About a million years ago, I studied social research, and then for a while worked as a social researcher. I specialised in qualitative methods - in-depth interviews and focus groups - and one of the things you learn when studying this is that the long, complex task of analysing qualitative data (interview scripts typed verbatim) is that it’s an ‘iterative process’. What that meant in a very lazy nutshell was that you’d form a kind of tentative conclusion about one theme in the data, move a little further in your analysis, and then return to the first theme and refine it. Maybe even change it altogether. On and on you’d thus go till you’d something finally to say about it all.
I once read an interview with Haruki Murakami in which the interviewer asked him why he worked out so much. Murakami’s answer was that the reason he spent so much time in the gym was because when he sat down at his desk to write fiction, in order to begin his work he’d have to first open a door. This door, he explained, is really, really heavy. He literally needed the muscles on his body to be able to manage it.
I know all about that door. I think everyone who tries their hand at writing fiction does (or at least they ought to!) Sometimes what happens to me when I’m writing, particularly when it involves a particularly difficult and usually important, as in Everything Hinges On Me Scene, is that I can’t open the door. It’s too heavy. When this happens, I don’t say to myself, oh damn, here’s this heavy door again. It’s only on reflection that I can see this is what’s happening. As I writer, I am unfortunately very good at persuading myself that what I’ve down in front of me is the right thing, that I’ve opened the door. In fact, in these situations I haven’t even attempted to open it. All these wrong paragraphs amount are basically me doing a weird little dance in front of said door. Usually, these are scenes when something bad happens to someone. It’s hard to go into that - to open the heavy door that leads to a place of emotional pain. Or someone hurting someone else. So I do my weird little shuffly dance, convince myself it’s the real thing and on I go.

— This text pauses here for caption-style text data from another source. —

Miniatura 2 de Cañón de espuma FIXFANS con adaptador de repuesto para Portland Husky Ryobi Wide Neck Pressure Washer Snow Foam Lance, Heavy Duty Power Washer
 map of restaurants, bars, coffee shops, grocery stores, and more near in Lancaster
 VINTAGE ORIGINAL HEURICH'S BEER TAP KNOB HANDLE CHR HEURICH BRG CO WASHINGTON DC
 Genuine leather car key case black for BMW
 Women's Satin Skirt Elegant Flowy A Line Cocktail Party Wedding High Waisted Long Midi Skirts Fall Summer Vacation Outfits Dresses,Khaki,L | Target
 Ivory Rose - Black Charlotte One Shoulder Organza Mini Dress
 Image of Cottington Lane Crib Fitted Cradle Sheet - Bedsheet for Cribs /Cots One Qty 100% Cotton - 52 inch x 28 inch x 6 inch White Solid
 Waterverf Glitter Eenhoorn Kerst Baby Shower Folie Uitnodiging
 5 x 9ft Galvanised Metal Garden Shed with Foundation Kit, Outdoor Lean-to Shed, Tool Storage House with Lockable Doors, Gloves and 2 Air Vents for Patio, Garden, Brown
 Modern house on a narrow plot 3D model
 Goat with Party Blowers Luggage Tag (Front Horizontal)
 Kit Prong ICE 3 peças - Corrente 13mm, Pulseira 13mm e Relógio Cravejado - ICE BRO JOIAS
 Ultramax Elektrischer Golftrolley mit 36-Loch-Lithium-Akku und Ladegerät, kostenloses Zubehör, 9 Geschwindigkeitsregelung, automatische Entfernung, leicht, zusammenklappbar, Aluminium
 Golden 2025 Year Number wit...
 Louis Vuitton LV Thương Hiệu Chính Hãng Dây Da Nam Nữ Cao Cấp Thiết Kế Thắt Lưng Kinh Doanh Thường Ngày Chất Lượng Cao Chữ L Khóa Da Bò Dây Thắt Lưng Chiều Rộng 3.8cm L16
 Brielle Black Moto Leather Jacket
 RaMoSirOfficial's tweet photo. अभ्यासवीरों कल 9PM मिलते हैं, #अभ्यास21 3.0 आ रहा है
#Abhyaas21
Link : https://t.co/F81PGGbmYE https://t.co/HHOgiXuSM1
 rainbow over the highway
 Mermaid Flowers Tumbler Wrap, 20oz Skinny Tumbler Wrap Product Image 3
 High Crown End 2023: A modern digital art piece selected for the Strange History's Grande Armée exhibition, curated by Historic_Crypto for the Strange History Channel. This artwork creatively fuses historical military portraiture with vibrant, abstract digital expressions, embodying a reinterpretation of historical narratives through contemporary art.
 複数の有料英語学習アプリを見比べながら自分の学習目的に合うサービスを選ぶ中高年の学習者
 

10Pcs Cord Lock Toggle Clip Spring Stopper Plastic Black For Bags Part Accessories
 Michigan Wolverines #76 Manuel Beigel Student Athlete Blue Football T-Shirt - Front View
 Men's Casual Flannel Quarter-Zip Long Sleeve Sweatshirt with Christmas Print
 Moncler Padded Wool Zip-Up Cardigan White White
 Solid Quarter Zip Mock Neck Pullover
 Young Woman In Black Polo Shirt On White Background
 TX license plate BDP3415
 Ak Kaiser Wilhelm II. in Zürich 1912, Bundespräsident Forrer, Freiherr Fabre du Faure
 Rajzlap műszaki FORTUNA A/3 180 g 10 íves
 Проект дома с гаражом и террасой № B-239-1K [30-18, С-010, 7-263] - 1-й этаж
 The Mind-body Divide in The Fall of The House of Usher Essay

And then I write on and I may even get a couple of chapters done before it all fizzles out and I have to face the ugly truth - that I didn’t go through the damn door at all - and I have to go back. At least, this is what’s been happening with the very slow affair of a novel I’m working on now. I just have to go back. And so then I do another sad little shuffly dance. And another and another. And - what is the thing that happens then, as I circle the thing over and over (sorry for mixing my metaphors here) that suddenly something gives, only a little bit? I don’t know, I think it’s part of the mystery of fiction. I’m just writing and rewriting, and pitching my tent here and then pitching it there and using all the cliched language you can think of - and then somehow the thing gets a little bit closer. Close enough for me to understand something I didn’t before, because I’ve been there now. I’ve witnessed it. Then I can go through it and on another few chapters and then back I come, because suddenly I understand that bit better again. An iterative process.
Maybe I should just actually go and get a gym membership for once in my life and it wouldn’t be so messy and slow. But anyway, those are my musings of this lovely day in June. Sorry for the long absence.
Exactly! My husband is a software developer - not just coding but he designs whole systems. And he has often pointed out that writing a novel is a very similar process. You can't get there by "top down design" or even "waterfall" - these methods are linear and suitable only for well understood problems. So when designing a complex system, you have to go round and around.
He also calls editing "debugging" and and as with fixing code, it's important to watch out for "side effects" when making changes.
Good to see you back again!
Interesting point. Whatever about one’s original intentions, it’s an inherently messy, almost haphazard process.